Well my way wasnt working. I have went through every emotion from hitting bottom to giving up and now hopeful. We went to speak with my pastor yesterday. We talked a little over a hour. He didnt even bring up god expect for the last 5 mins. He spend most of the time asking questions. Here is where we are at now. We know what the problems are. He asked here a lot of questions. He asked does she think the changes (mouth and anger etc)that I have made would last. She said no. He asked if I could promise (which he couldnt) or give Lee a pill that would fix those issues, would you be open to fixing the marriage. She said yes. She said if those things were corrected she would come home. But again she is very skeptical.

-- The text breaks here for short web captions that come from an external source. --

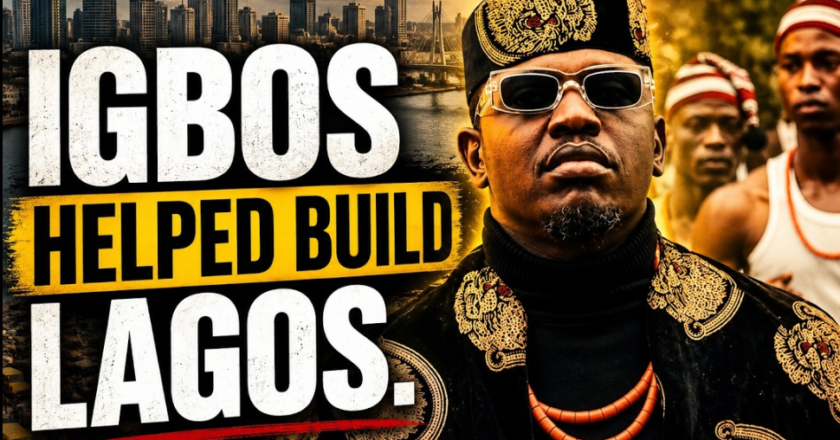 ‘Igbos have given a lot to Lagos economy’ – Rapper Illbliss says {VIDEO}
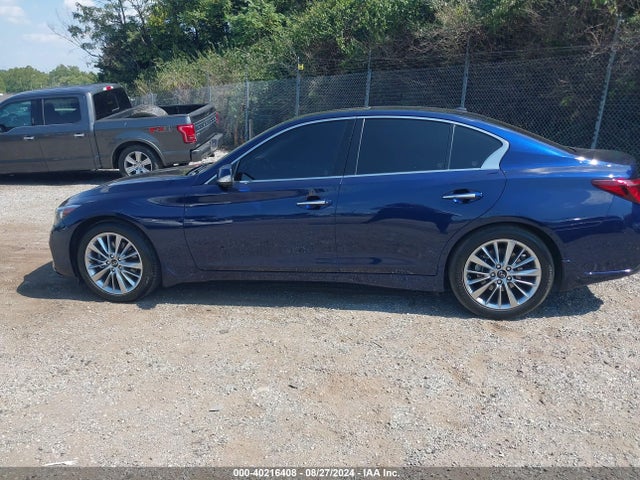 JN1EV7BR6MM753397 Infiniti Q50 Luxe Awd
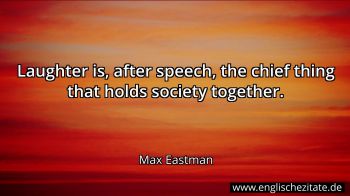 Englisches Zitat von Max Eastman als Bild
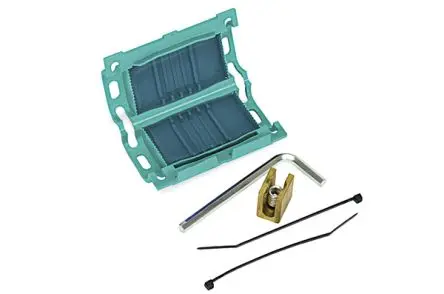Produktfoto 1 von HellermannTyton 435 Kabelverbindung Gelgefülltes Gelenkset Kabelbinder, Innensechskantschlüssel, Stecker, Formgehäuse,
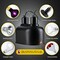 Simple Deluxe Reptile Lamp Fixture Aluminum Dome Light Dual Deep Cap Integration Design Heat-Lighting Lamp Double PTDMLTDUALALU100 - alternate 5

She also said my actions over the years have hurt her and her wall went up and in the last year she started hurting me and the did what she done. She said her actions of the last year were worse than mine and even though I was able to forgive her, she still has not forgave me. He then asked (after sharing examples of what he has learned with other couples) was it that she couldnt forgive or just choose not too becuase if she did she knew it would happen again and just says why bother risking the hurt etc, and she said yes that was it. The main reason she wants it to work is the kids and Im cool with that becasue its my main reason too, even thought I love her. He asked if she could go out on dates with me, she said we were trying but her lately it got worse and that right now she couldnt do it.
So basically if she can see the change she will come home and we can stay married and work on it but right now she doesnt want to do anything to make me think everything will be all right. Its safe to say she doesnt really want a divorce but the lack of faith could make that happen.

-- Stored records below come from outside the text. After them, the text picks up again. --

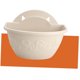 thumbnail image 5 of TABLZONE 1Ud Maceta Colgante Para Pared Color Beige Plástico Durable Semi Circular Ideal Para Almacenamiento, 5 of 7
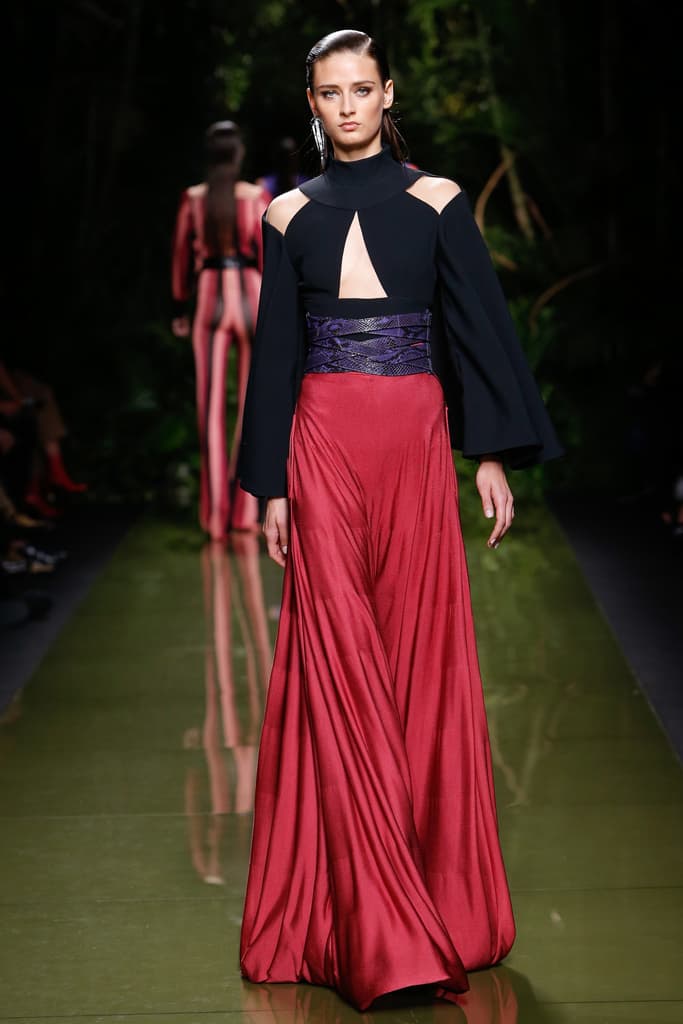 Balmain Paris Fashion Week 2017 Spring Summer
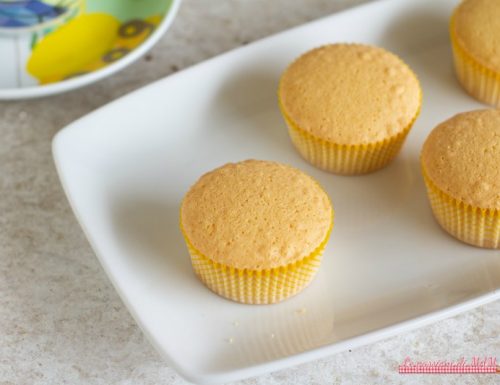 Muffin con farina di riso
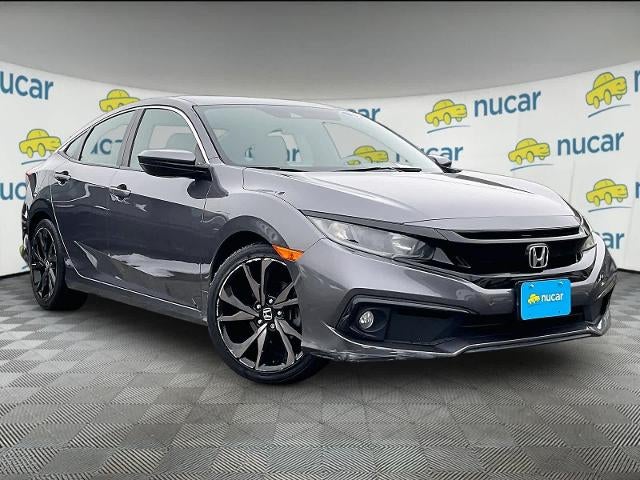 2019 Honda Civic Sedan Sport CVT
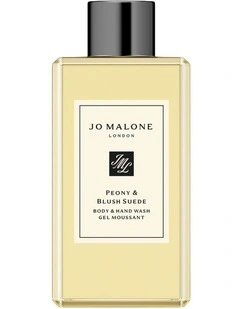 Peony & Blush Suede Body & Hand Wash 100ml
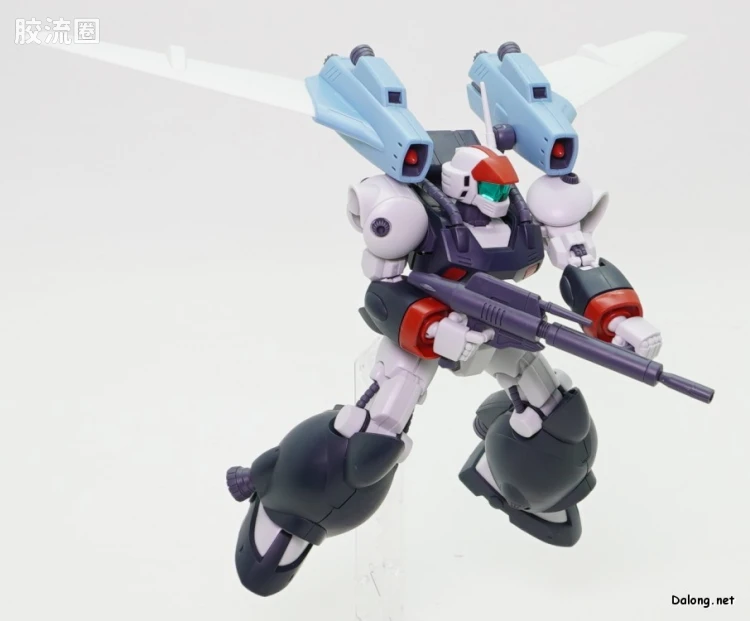万代综合拼装模型系列 银河漂流VIFAM HG VIFAM Sling Pannier装备型 - 图片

The pastor told me to back off some becuase we still have hope and I dont need to push her away anymore and she agreed. He said work on my realtionship with God and pray a lot. Leave it in Gods hands and if I feel in my heart to ask her out later, do it. He said she has got to see the changes and actions are louder than words.
He then at the end asked her if she prayed about it? She answer "God and I are not on the best terms of now" and started to cry pretty hard. ( Her 1st child passed away at birth about 13 years ago.) He said he was sorry to ask and upset her and asked of she wanted to talk about her relationship with God and she declined. He said if you ever want too Im here. He then went on to say if you guys want to come see me once a month until this is fixed, Im here or if you need me any other time let me know. My wife is going to tell me at some point if she wants to do that.
He also said a lot of other things about why we should try and fix this and she agreed with every one.
******* So this tells me that at least there is some hope and even though she lacks faith about it working right now, atleast I have some control in improving the chances of a better outcome. So Im going to re read all the do's and donts again. And start over today. Knowing these facts I am just wondering is it better to still talk to her and be myself and just not talk about the "R" or should I not call her, let her call me? ******
A interesting thing I found out last night. Wife told me she had a bad day and people were driving her nuts. She named a couple of people at work and then her mom who she is living with. I thought that was interesting. Her mom is a very overbearing person and is just rude and not fun to be around. She knows it but hates when I say it. She knows I dont really care for her mother and her mother hates me. She didnt go into detail, but she said her mom has being doing things to get on her nerves. It obivous she is not happier away from me that she thought she might be.
My pastor spoke with me today before church for a few mins and asked if I thought the meeting helped. I told him I think it did and it got me some amswers to some tuff questions that will make hanging in there a little easier.
I just sent a text to her today telling her the pastor asked about her and said he was looking forward to seeing her again.
The kids start school tomorrow. My wife will have a lot of alone time now with the kids in school. Maybe she will do some good thinking about things and things will start to happen in a postive way.